A quadruped robot standing between simulation screens and a real test floor

A small difference between simulation and reality can turn into a major failure the moment a policy is placed on a real body.

A robot that walks well in simulation may suddenly shake and fall when it enters the real world.

Inside the computer, a policy may climb stairs, run quickly, and keep its balance. But the moment it is placed on an actual robot, it can stop behaving as expected. Here, a policy is essentially a function that receives the robot's state and decides the next action.

When people see this kind of problem, they usually think first about better learning algorithms: a more robust policy, a larger neural network, more domain randomization, or a more sophisticated simulator. All of those matter. But in my view, many sim-to-real failures begin somewhere much more basic.

The simulation is not describing the real robot accurately enough.

Robots are strongly constrained by the physics of the real world. Actuators have limits on the torque and speed they can produce. Sensor data has latency. Reducers have backlash. These differences may look small, but the more dynamic the policy becomes, the more serious they become.

The sim-to-real gap sounds like a grand research slogan, but in practice it is closer to the sum of modeling errors.

When training a controller with reinforcement learning, we cannot collect data by letting a real robot fall and break thousands of times.
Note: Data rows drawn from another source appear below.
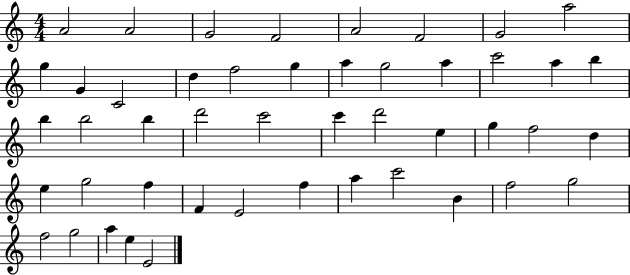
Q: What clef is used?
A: treble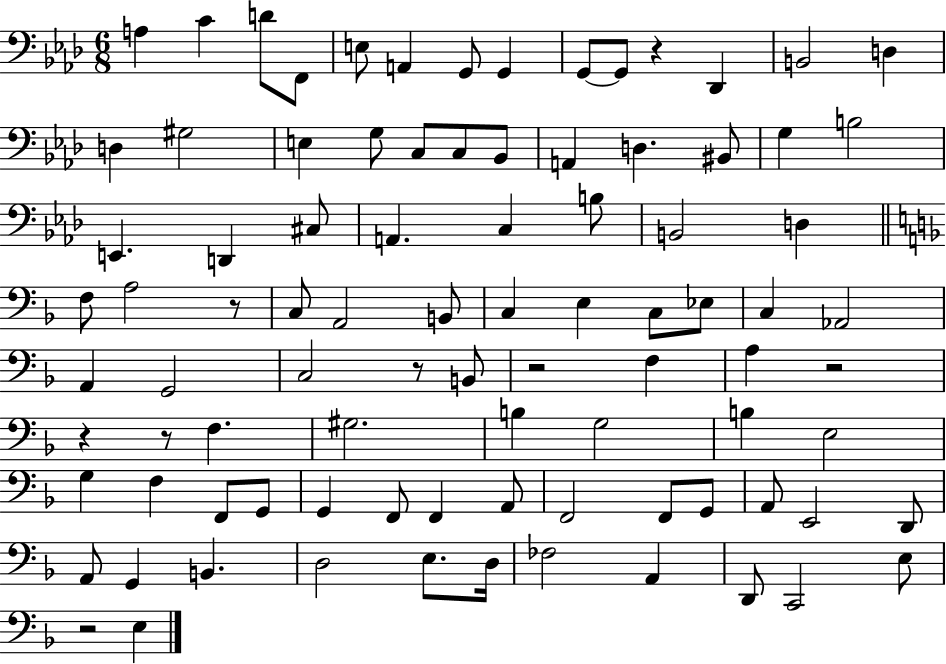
{
  \clef bass
  \numericTimeSignature
  \time 6/8
  \key aes \major
  a4 c'4 d'8 f,8 | e8 a,4 g,8 g,4 | g,8~~ g,8 r4 des,4 | b,2 d4 | \break d4 gis2 | e4 g8 c8 c8 bes,8 | a,4 d4. bis,8 | g4 b2 | \break e,4. d,4 cis8 | a,4. c4 b8 | b,2 d4 | \bar "||" \break \key f \major f8 a2 r8 | c8 a,2 b,8 | c4 e4 c8 ees8 | c4 aes,2 | \break a,4 g,2 | c2 r8 b,8 | r2 f4 | a4 r2 | \break r4 r8 f4. | gis2. | b4 g2 | b4 e2 | \break g4 f4 f,8 g,8 | g,4 f,8 f,4 a,8 | f,2 f,8 g,8 | a,8 e,2 d,8 | \break a,8 g,4 b,4. | d2 e8. d16 | fes2 a,4 | d,8 c,2 e8 | \break r2 e4 | \bar "|."
}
So we model the robot inside a simulation as close to reality as possible, train a policy there, and then transfer it to the real world.

The problem is that "modeling something close to reality" is harder than it sounds.

When people talk about sim-to-real, they often point to things that are fundamentally difficult to model, such as friction or deformable objects. Those are difficult, of course. But even before reaching them, much more basic things are often missing: the true operating limits of the actuator, an inaccurate URDF, sensor latency, and reducer backlash.

These are not mysterious unsolved physics. They are things you can measure, put into the model, and verify. Yet they are surprisingly often left out. I do not put much faith in the phrase "learning will handle it." A learning framework only optimizes inside the world it is given. If that world lies, the policy will learn to exploit the lie.

A motor's limits are not a rectangle

An actuator test bench with a non-rectangular motor operating region visualized beside it

Motor limits are better understood as a complex operating region than as a simple rectangle made from maximum torque and maximum speed.

The first thing often missed is the MOR, or motor operating region. Put simply, it describes how much torque a motor can produce at a given rotational speed.

When putting a robot into simulation, people commonly use a format such as URDF. It contains physical parameters such as link length, joints, mass, inertia, and joint limits. But in many cases, the actuator itself is modeled too simply.

URDF has fields for maximum torque and maximum angular velocity. That makes it easy to assume that any command inside that rectangular region is possible. But the limits of a real actuator are not shaped that simply.

Especially in dynamically moving robots, the actuator often operates near the boundary of its MOR to produce large output. If the motor limit is modeled as a simple torque-speed rectangle, the policy learns while believing it can use force that does not exist in reality.

If the simulation says, "You can still produce high torque at this speed," the policy will use it. But if the real motor can barely produce torque at that speed, the expected state transition will not happen on the real robot. The posture shifts, the next observation shifts, and eventually the whole motion collapses.

That is why the simulation needs a properly shaped MOR rather than a rectangle.

Without it, the policy is trained from the beginning against a motor that does not exist.

Real robots do not see ground truth

A motion-capture room where true pose and delayed estimator output are visibly misaligned

Between simulator ground truth and real sensor or estimator output, noise and delay inevitably enter the loop.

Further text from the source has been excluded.